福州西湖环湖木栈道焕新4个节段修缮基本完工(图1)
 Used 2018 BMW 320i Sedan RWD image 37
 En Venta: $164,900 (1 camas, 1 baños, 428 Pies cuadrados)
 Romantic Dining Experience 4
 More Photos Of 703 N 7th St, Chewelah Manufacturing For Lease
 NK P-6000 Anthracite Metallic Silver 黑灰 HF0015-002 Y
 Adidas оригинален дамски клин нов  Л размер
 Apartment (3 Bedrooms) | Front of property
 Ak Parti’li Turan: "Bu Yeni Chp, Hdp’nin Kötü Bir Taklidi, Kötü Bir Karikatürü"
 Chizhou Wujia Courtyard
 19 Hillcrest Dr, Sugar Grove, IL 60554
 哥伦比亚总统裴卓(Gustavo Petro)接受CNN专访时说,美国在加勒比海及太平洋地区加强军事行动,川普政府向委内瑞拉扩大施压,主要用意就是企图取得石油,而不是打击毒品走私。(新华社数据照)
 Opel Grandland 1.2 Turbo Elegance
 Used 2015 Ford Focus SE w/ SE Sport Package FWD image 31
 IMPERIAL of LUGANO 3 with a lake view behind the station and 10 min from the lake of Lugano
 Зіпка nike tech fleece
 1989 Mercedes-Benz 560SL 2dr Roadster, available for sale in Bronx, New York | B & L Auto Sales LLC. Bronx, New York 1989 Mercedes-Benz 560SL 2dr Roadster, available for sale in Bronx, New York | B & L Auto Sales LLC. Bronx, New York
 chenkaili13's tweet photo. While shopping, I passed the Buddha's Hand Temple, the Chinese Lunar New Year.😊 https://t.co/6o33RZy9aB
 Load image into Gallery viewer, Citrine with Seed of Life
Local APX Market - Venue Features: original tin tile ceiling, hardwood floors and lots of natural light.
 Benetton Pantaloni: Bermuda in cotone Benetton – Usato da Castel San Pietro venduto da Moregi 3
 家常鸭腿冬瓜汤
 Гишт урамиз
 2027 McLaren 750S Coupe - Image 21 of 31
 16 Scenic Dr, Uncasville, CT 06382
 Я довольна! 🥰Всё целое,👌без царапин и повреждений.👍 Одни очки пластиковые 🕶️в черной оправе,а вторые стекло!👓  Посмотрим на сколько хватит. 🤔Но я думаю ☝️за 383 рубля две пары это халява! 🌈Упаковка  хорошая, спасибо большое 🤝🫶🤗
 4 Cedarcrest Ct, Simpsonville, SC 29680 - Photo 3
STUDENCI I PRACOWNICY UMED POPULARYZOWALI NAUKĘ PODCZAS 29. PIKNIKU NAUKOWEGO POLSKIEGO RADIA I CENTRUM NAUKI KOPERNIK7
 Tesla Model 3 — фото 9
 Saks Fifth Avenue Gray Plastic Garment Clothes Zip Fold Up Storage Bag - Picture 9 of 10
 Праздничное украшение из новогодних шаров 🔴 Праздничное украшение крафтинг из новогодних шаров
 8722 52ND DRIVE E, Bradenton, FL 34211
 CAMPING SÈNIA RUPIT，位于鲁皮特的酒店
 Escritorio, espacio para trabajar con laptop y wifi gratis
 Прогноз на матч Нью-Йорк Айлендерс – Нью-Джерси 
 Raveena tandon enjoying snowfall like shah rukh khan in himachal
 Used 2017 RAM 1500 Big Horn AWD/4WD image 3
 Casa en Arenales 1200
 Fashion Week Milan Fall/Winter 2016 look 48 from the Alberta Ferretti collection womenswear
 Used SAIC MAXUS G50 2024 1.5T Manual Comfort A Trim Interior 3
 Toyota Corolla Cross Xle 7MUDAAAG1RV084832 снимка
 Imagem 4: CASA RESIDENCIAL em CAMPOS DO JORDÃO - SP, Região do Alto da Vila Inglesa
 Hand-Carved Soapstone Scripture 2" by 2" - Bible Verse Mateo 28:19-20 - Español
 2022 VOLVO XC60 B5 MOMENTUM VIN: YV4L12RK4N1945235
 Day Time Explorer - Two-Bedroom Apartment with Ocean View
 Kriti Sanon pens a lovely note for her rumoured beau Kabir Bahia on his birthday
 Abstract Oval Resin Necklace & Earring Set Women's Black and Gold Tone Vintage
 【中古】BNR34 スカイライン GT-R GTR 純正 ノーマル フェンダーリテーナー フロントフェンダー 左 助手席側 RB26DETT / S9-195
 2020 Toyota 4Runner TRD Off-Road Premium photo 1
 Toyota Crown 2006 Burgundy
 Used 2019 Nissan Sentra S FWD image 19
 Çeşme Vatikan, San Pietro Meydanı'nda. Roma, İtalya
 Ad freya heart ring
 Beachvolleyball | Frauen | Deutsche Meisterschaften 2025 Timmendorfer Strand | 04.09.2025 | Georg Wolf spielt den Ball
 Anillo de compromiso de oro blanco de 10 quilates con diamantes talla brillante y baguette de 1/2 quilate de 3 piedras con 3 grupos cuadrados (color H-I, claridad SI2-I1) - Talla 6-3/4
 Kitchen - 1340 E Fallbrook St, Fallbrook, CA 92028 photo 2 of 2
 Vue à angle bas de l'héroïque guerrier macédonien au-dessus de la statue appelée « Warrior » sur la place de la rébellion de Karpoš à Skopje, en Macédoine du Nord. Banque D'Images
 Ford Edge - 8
####################
Using the records above, restate word for word the lines from the one with "Saks Fifth Avenue" through the one with "Beachvolleyball | Frauen", both included.

 Saks Fifth Avenue Gray Plastic Garment Clothes Zip Fold Up Storage Bag - Picture 9 of 10
 Праздничное украшение из новогодних шаров 🔴 Праздничное украшение крафтинг из новогодних шаров
 8722 52ND DRIVE E, Bradenton, FL 34211
 CAMPING SÈNIA RUPIT，位于鲁皮特的酒店
 Escritorio, espacio para trabajar con laptop y wifi gratis
 Прогноз на матч Нью-Йорк Айлендерс – Нью-Джерси 
 Raveena tandon enjoying snowfall like shah rukh khan in himachal
 Used 2017 RAM 1500 Big Horn AWD/4WD image 3
 Casa en Arenales 1200
 Fashion Week Milan Fall/Winter 2016 look 48 from the Alberta Ferretti collection womenswear
 Used SAIC MAXUS G50 2024 1.5T Manual Comfort A Trim Interior 3
 Toyota Corolla Cross Xle 7MUDAAAG1RV084832 снимка
 Imagem 4: CASA RESIDENCIAL em CAMPOS DO JORDÃO - SP, Região do Alto da Vila Inglesa
 Hand-Carved Soapstone Scripture 2" by 2" - Bible Verse Mateo 28:19-20 - Español
 2022 VOLVO XC60 B5 MOMENTUM VIN: YV4L12RK4N1945235
 Day Time Explorer - Two-Bedroom Apartment with Ocean View
 Kriti Sanon pens a lovely note for her rumoured beau Kabir Bahia on his birthday
 Abstract Oval Resin Necklace & Earring Set Women's Black and Gold Tone Vintage
 【中古】BNR34 スカイライン GT-R GTR 純正 ノーマル フェンダーリテーナー フロントフェンダー 左 助手席側 RB26DETT / S9-195
 2020 Toyota 4Runner TRD Off-Road Premium photo 1
 Toyota Crown 2006 Burgundy
 Used 2019 Nissan Sentra S FWD image 19
 Çeşme Vatikan, San Pietro Meydanı'nda. Roma, İtalya
 Ad freya heart ring
 Beachvolleyball | Frauen | Deutsche Meisterschaften 2025 Timmendorfer Strand | 04.09.2025 | Georg Wolf spielt den Ball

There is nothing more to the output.